- **EXERCISE BRIEF**
Could you repeat every record below exactly, leaving out the pictures?

- **GIVEN RECORDS**
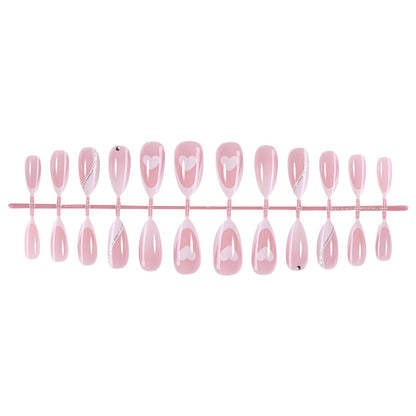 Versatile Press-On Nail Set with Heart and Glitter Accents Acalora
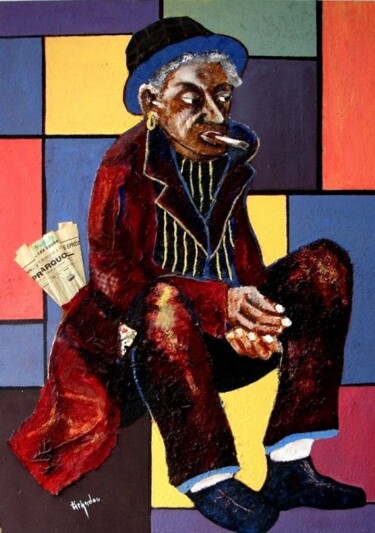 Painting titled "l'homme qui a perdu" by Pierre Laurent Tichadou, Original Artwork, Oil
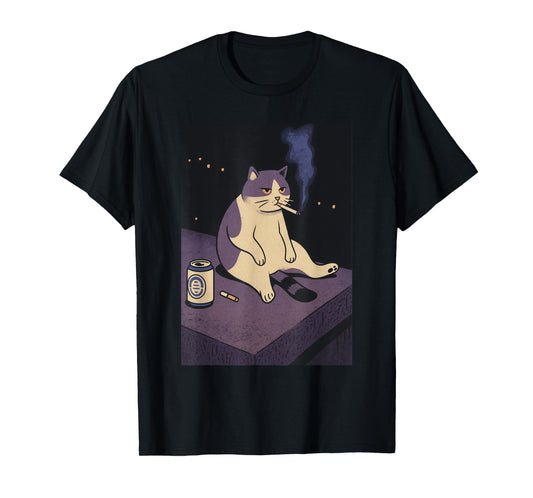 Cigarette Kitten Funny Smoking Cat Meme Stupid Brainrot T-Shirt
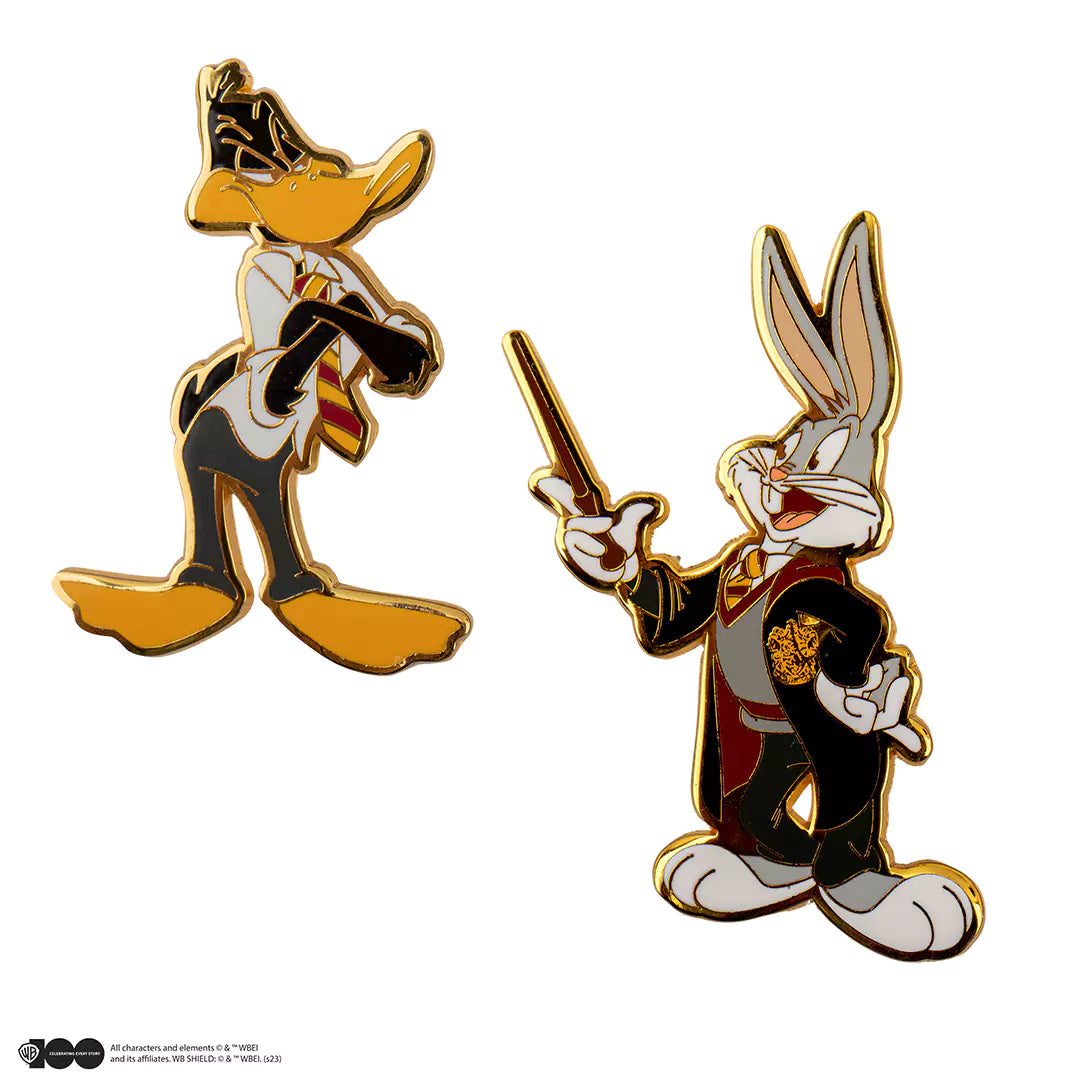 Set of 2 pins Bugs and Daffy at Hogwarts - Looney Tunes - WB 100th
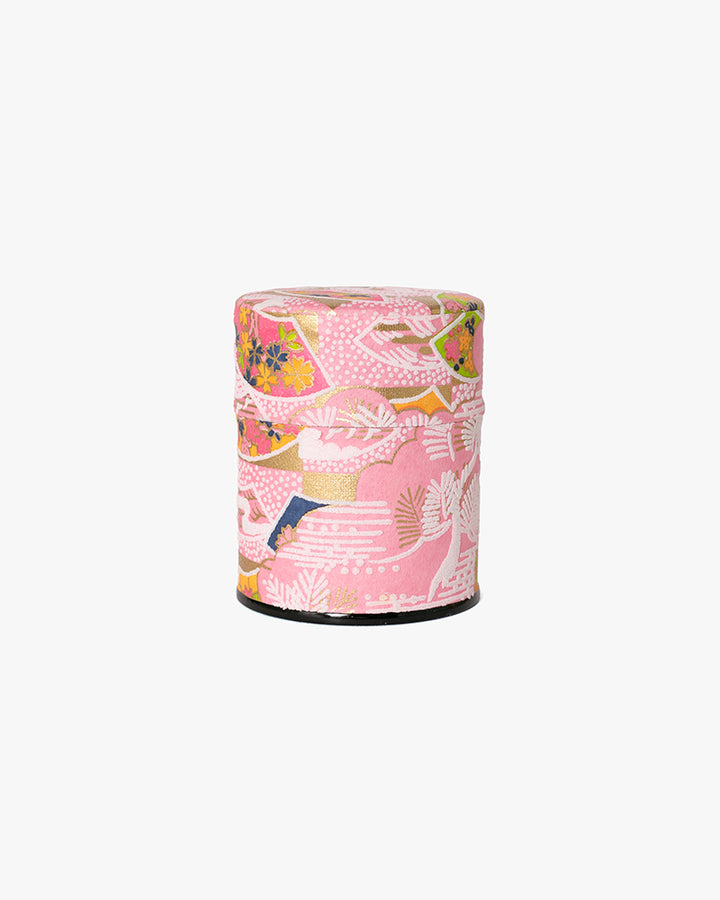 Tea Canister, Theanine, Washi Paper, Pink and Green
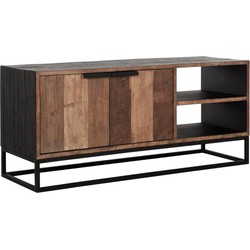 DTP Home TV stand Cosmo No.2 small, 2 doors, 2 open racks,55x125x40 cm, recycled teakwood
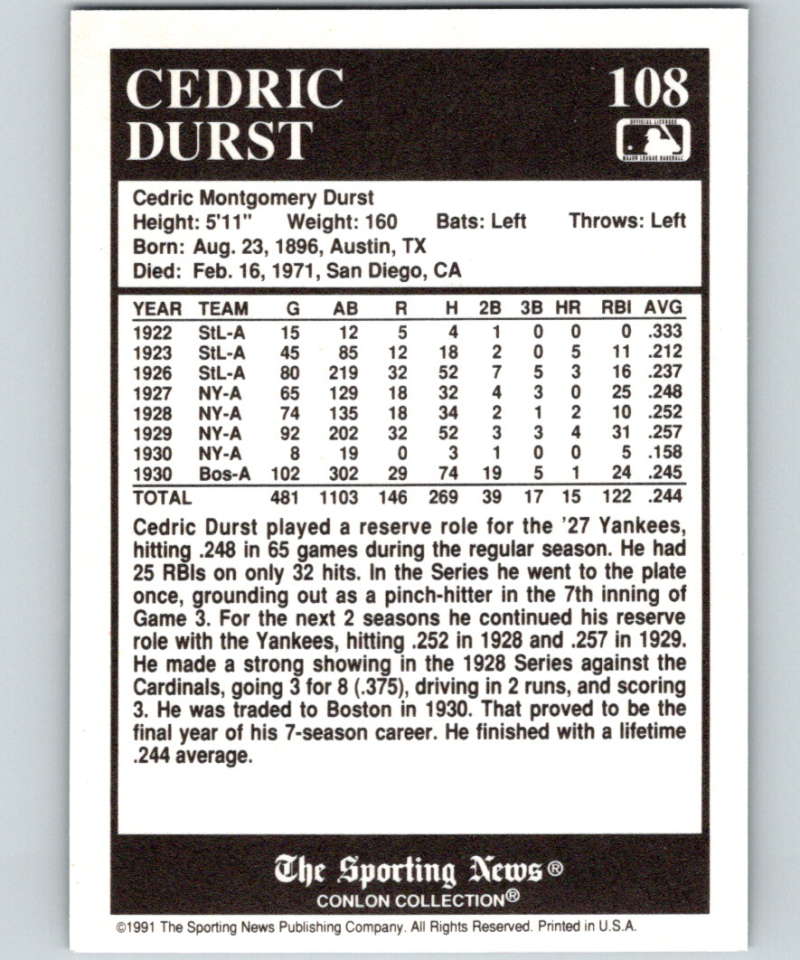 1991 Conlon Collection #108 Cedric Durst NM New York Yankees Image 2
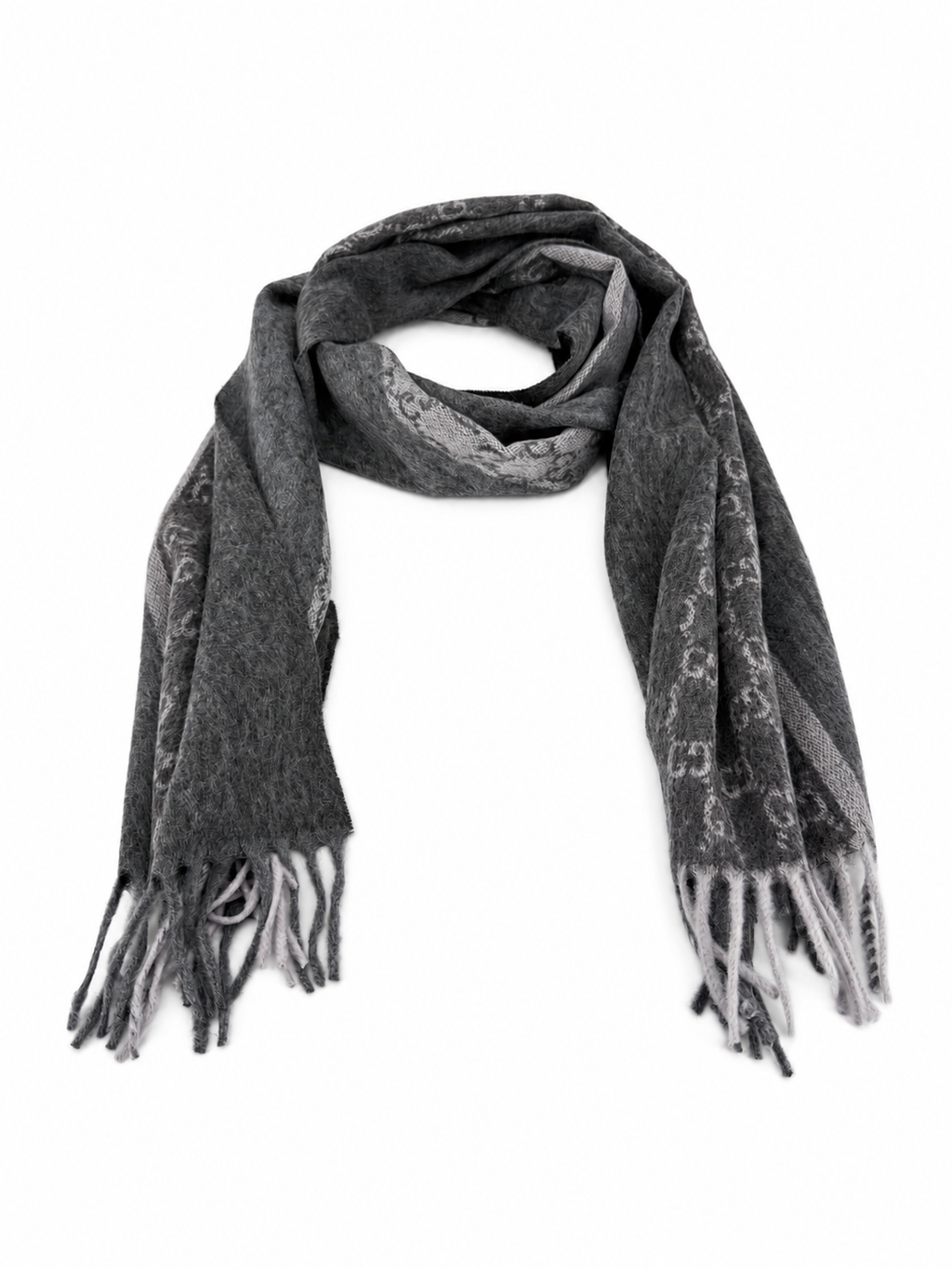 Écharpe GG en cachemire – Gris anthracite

- **SOLUTION FOR THIS TASK**
 Versatile Press-On Nail Set with Heart and Glitter Accents Acalora
 Painting titled "l'homme qui a perdu" by Pierre Laurent Tichadou, Original Artwork, Oil
 Cigarette Kitten Funny Smoking Cat Meme Stupid Brainrot T-Shirt
 Set of 2 pins Bugs and Daffy at Hogwarts - Looney Tunes - WB 100th
 Tea Canister, Theanine, Washi Paper, Pink and Green
 DTP Home TV stand Cosmo No.2 small, 2 doors, 2 open racks,55x125x40 cm, recycled teakwood
 1991 Conlon Collection #108 Cedric Durst NM New York Yankees Image 2
 Écharpe GG en cachemire – Gris anthracite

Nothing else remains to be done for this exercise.